The 36th Lincoln marathon and half-marathon this past Sunday was quite a scene. I've enjoyed the event in many capacities over the years: as a half marathon runner a few times, a police officer directing traffic several years, a aid station volunteer a couple times, and as a spectator on every other occasion. It's always been a top-notch experience. Lincoln's marathon is run on a flat, fast course. It gets tons of community support and spectators line vast stretches of the course, with lots of encouragement, refreshment, and entertainment. As a result, it has grown phenomenally in recent years. Capped at 10,000 entrants, this year's race was sold out within minutes of registration opening back in December.
Two years ago, Mayor Chris Beutler asked his department directors to come to our next weekly meeting with some outside-the-box ideas on how we could either reduce City expenses or increase economic activity. I brought three ideas to the table: mothball Pershing Auditorium, reduce the number of streetlights burning all night, and repave the Boosalis trail along Lincoln's stretch of Nebraska Highway 2. My idea was to boost the width of the trail to eliminate one the bottlenecks during the marathon that clog the course, so we could up the number of participants.
I'm sure I wasn't the first or only person with that idea, but it is gratifying that it is now going to happen. The marathon is a fantastic event for Lincoln, and creates a huge amount of economic activity, the subject of this article in yesterday's Lincoln Journal Star. Ramping the Lincoln marathon and half marathon up to 12,500 next year, and maybe even 15,000 thereafter will be a good thing, although it will also require more more logistics, and more emergency services.

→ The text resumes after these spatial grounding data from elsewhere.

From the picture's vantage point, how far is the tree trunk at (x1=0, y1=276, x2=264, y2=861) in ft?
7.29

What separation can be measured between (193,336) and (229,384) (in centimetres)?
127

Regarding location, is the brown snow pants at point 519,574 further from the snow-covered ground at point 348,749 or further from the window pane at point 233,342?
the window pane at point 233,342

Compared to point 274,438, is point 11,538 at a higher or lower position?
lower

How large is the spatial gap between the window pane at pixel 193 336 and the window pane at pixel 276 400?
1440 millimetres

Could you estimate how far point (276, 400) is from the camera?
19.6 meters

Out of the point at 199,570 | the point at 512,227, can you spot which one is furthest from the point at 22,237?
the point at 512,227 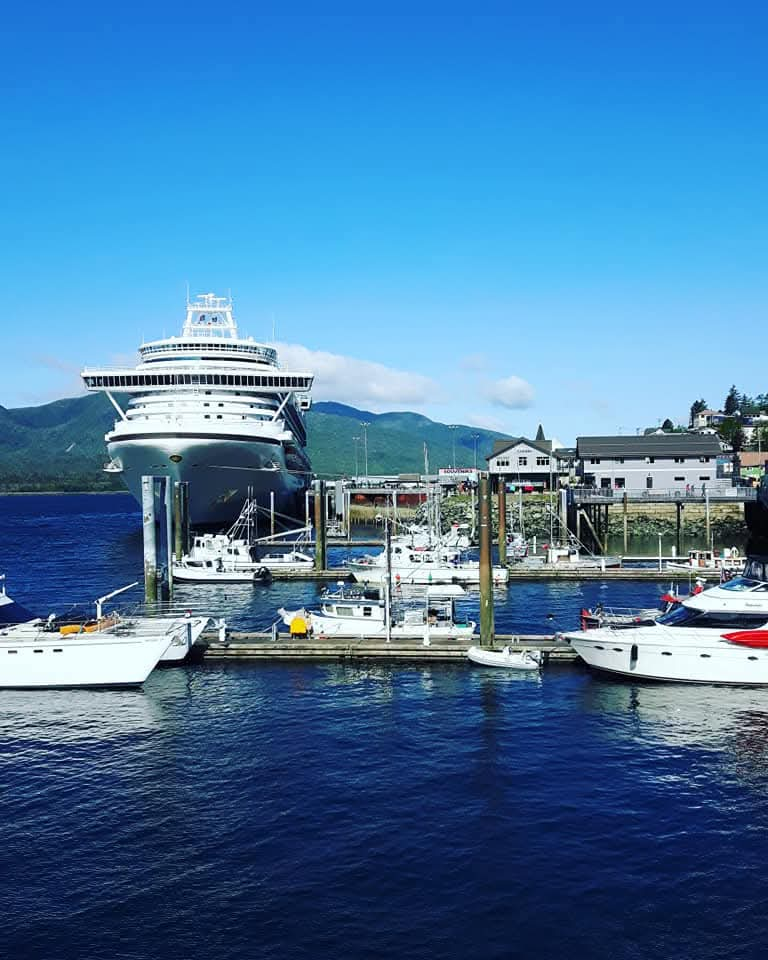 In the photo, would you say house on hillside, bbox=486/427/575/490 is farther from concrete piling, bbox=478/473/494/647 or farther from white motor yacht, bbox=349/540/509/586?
concrete piling, bbox=478/473/494/647

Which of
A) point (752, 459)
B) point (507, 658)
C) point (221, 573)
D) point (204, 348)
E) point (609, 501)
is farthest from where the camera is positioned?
point (752, 459)

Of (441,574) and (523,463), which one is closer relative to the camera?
(441,574)

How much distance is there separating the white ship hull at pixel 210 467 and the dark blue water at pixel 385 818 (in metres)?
52.5

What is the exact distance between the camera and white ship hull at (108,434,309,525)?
88750 mm

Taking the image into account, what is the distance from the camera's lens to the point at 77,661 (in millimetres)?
36625

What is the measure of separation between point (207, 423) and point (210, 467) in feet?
16.9

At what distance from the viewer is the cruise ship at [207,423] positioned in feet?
295

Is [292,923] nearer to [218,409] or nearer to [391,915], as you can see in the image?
[391,915]

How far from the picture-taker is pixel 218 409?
3789 inches

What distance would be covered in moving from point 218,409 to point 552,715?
6990cm

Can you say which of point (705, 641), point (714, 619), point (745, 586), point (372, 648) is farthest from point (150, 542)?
point (745, 586)

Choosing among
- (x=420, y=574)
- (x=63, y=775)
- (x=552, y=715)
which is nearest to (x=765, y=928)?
(x=552, y=715)

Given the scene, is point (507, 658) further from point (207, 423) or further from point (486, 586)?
point (207, 423)

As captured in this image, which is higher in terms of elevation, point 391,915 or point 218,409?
point 218,409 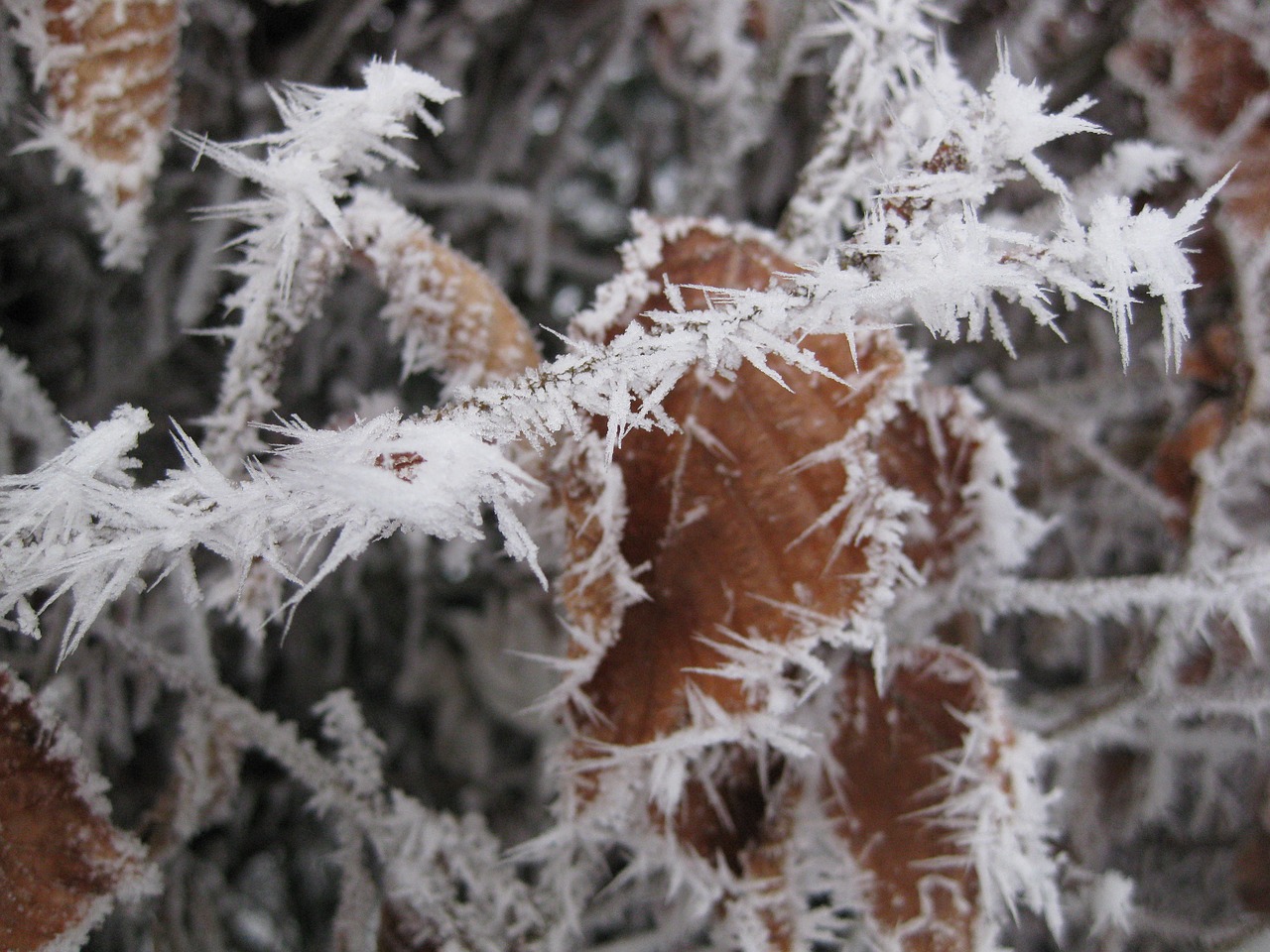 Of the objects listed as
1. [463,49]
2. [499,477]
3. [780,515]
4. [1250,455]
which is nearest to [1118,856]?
[1250,455]

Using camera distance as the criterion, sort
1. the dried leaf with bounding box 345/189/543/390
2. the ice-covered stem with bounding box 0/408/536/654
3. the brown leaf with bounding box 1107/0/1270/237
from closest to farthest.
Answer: the ice-covered stem with bounding box 0/408/536/654, the dried leaf with bounding box 345/189/543/390, the brown leaf with bounding box 1107/0/1270/237

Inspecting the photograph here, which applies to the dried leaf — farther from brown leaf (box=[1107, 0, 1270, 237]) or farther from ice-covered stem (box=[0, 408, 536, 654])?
brown leaf (box=[1107, 0, 1270, 237])

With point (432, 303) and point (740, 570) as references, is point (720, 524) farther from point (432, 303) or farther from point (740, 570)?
point (432, 303)

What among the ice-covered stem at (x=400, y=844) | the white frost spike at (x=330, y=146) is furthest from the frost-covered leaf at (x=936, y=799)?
the white frost spike at (x=330, y=146)

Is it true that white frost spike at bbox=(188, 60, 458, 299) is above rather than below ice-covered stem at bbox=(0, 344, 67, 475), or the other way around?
above

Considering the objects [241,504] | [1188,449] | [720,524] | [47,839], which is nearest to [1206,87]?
[1188,449]

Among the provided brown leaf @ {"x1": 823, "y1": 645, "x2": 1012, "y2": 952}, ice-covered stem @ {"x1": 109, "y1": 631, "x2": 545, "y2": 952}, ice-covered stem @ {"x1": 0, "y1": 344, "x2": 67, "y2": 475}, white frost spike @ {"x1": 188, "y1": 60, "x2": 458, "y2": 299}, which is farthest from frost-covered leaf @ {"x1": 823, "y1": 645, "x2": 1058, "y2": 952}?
ice-covered stem @ {"x1": 0, "y1": 344, "x2": 67, "y2": 475}

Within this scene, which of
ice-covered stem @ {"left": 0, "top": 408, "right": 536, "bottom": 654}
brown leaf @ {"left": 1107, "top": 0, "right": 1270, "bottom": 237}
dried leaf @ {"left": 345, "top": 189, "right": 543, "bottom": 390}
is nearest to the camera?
ice-covered stem @ {"left": 0, "top": 408, "right": 536, "bottom": 654} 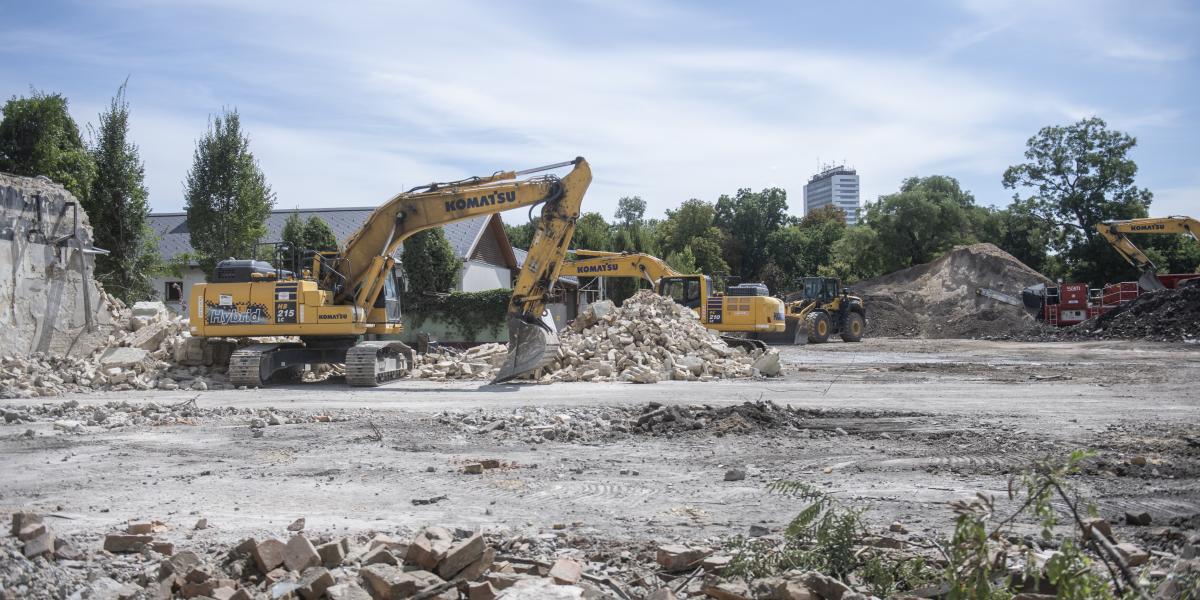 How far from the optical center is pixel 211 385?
54.8 ft

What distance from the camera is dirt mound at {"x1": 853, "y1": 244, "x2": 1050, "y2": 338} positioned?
4103 centimetres

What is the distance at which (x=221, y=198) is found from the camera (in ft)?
92.9

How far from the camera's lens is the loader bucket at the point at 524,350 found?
16578 mm

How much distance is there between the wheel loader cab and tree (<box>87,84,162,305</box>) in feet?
52.6

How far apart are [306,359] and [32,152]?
44.3 ft

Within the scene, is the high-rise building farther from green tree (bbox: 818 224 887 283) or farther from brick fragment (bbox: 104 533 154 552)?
brick fragment (bbox: 104 533 154 552)

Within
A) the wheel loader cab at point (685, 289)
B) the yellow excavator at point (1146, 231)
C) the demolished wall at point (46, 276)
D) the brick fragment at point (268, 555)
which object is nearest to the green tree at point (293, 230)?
the demolished wall at point (46, 276)

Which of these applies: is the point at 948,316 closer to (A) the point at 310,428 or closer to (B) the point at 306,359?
(B) the point at 306,359

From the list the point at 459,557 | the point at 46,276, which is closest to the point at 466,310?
the point at 46,276

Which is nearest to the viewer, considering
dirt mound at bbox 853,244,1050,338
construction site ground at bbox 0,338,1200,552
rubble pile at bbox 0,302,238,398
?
construction site ground at bbox 0,338,1200,552

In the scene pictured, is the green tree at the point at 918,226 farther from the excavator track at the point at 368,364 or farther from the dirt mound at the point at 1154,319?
the excavator track at the point at 368,364

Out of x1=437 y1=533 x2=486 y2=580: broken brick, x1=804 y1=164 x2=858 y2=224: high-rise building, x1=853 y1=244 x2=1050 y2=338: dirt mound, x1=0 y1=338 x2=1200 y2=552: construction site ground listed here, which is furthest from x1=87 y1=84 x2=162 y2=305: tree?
x1=804 y1=164 x2=858 y2=224: high-rise building

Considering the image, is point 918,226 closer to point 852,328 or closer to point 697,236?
point 697,236

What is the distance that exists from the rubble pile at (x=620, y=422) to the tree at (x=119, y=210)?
18.9 m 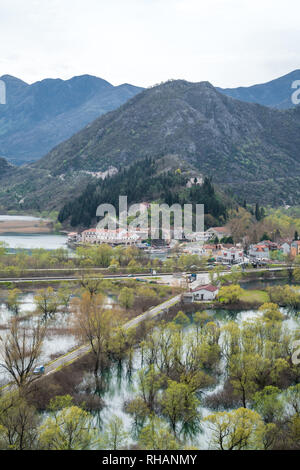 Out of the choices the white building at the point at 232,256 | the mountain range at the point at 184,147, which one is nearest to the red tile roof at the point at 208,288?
the white building at the point at 232,256

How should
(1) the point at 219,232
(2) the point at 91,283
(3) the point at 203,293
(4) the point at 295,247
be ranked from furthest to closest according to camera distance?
(1) the point at 219,232 < (4) the point at 295,247 < (2) the point at 91,283 < (3) the point at 203,293

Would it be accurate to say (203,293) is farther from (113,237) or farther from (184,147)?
(184,147)

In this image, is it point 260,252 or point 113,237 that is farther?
point 113,237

The public safety team was meeting to consider the implications of the bombing at the Boston Marathon within a matter of minutes of its occurrence on April 15th. The enhanced security efforts at this years' Lincoln marathon were considerable, and some of these will undoubtedly be incorporated into future events. Hats off to Capt. Fehringer and his staff who did the bulk of the work coordinating the public safety response, but we got a big boost from some specialized military resources and from the Nebraska State Patrol's helicopter. Thanks to the police officers, firefighters, national guardsmen, troopers, soldiers, dispatchers, and volunteers who implemented the plan flawlessly.
P.S. My favorite costume this year had to be the guy in the gigantic sombrero who was greeting everyone in Spanish, fitting for a race held this year on Cinqo de Mayo. I'm sure the wind resistance from the head gear cost him several minutes!